Lines from the one containing "An employee adds" through the last line of the records below need to be repeated exactly; nothing else, and no pictures.

****************************************

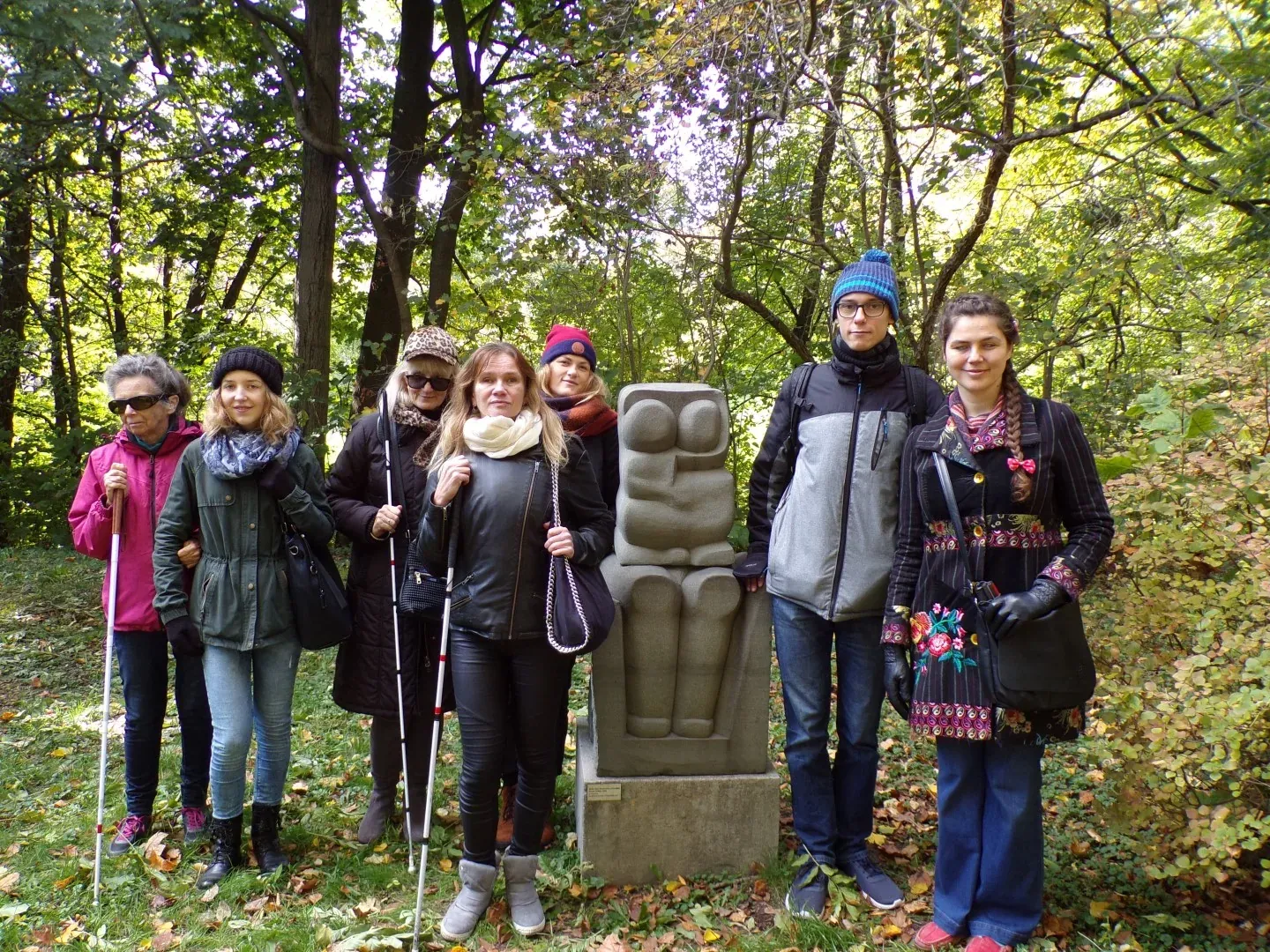 Group of seven people, some with white canes, standing in a park next to a stylized stone sculpture. Green and autumn foliage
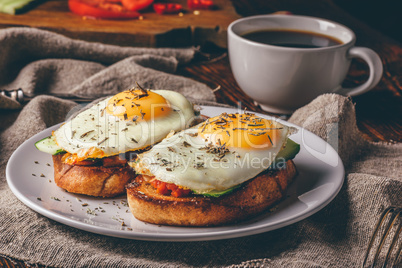 Italian toasts with vegetables and fried eggs on white plate and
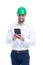 Young engineer man in green helmet using tablet isolated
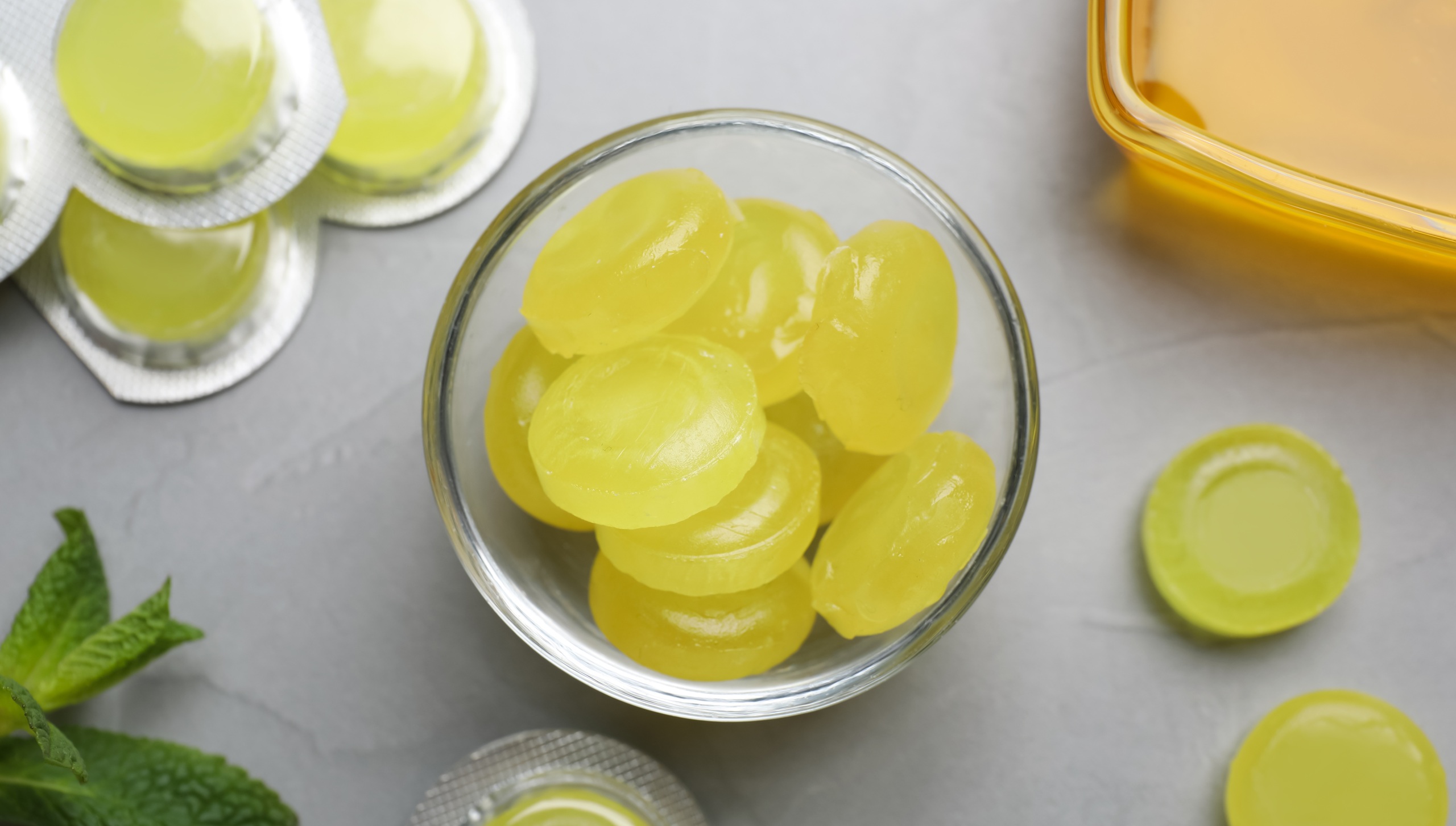 Many yellow cough drops, honey and mint on light grey background, top view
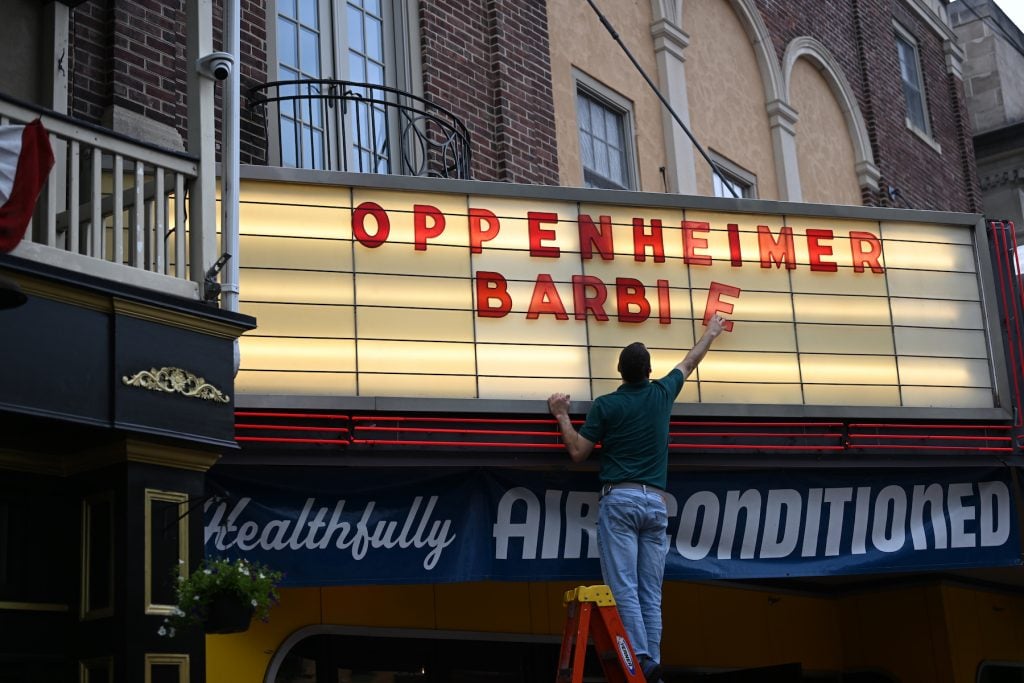 An employee adds letters for upcoming film releases 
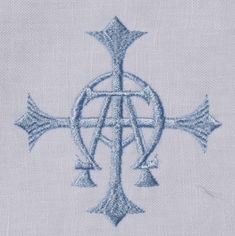 the cross is made out of blue thread and has an intricate design on it's side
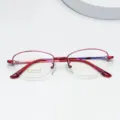 Close-up detail of red semi-rimless titanium eyeglass frame, lightweight & stylish. - Burgundy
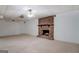 Basement area with carpet flooring, white walls, and a brick fireplace with a wooden mantel at 825 Sugar Creek Se Way, Conyers, GA 30094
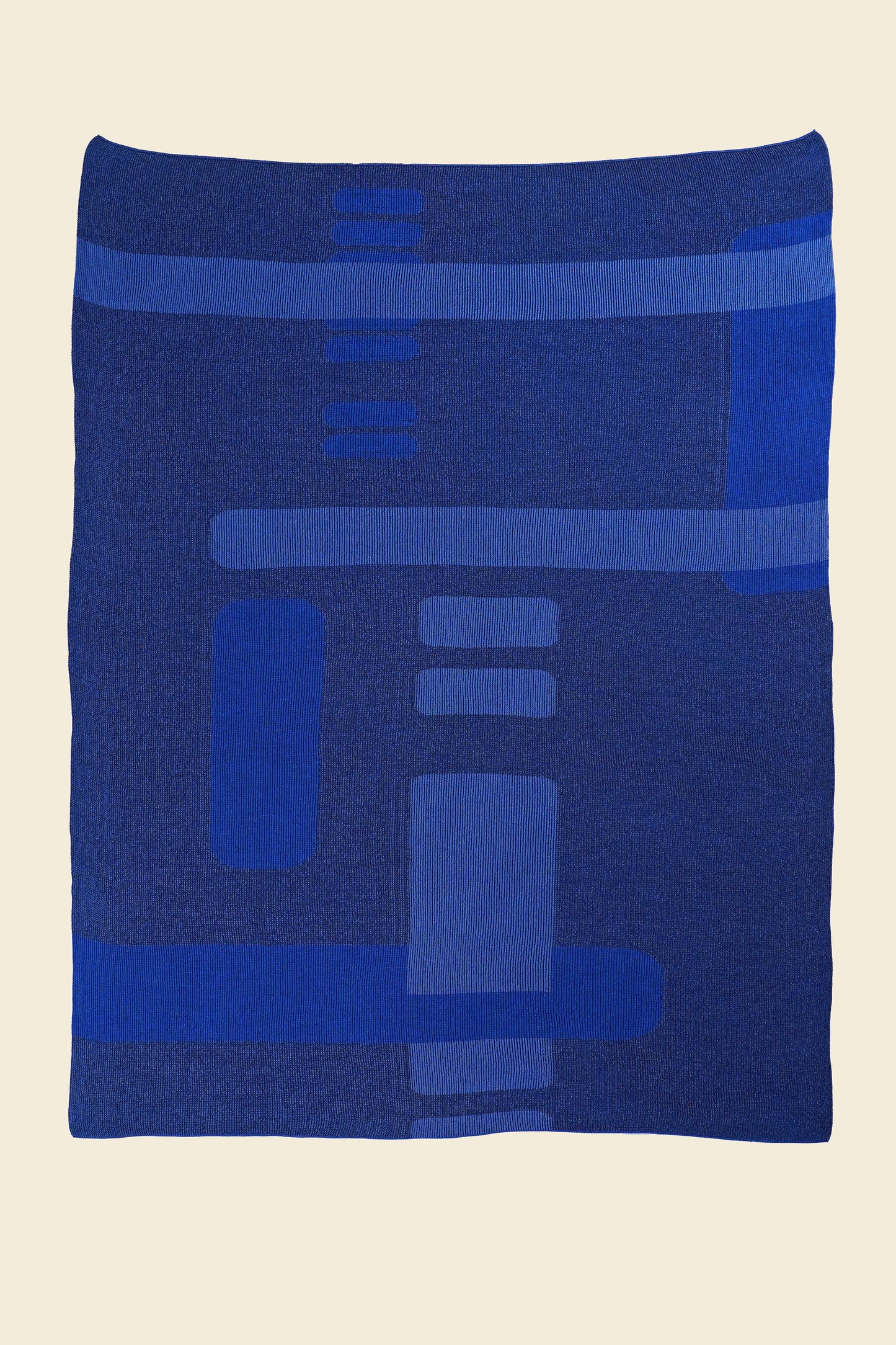 laid flat blue geometric column knit blanket in merino wool and organic cotton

****************************************

RESPONSE AREA
 An employee adds letters for upcoming film releases 
 the cross is made out of blue thread and has an intricate design on it's side
 Close-up detail of red semi-rimless titanium eyeglass frame, lightweight & stylish. - Burgundy
 Basement area with carpet flooring, white walls, and a brick fireplace with a wooden mantel at 825 Sugar Creek Se Way, Conyers, GA 30094
 laid flat blue geometric column knit blanket in merino wool and organic cotton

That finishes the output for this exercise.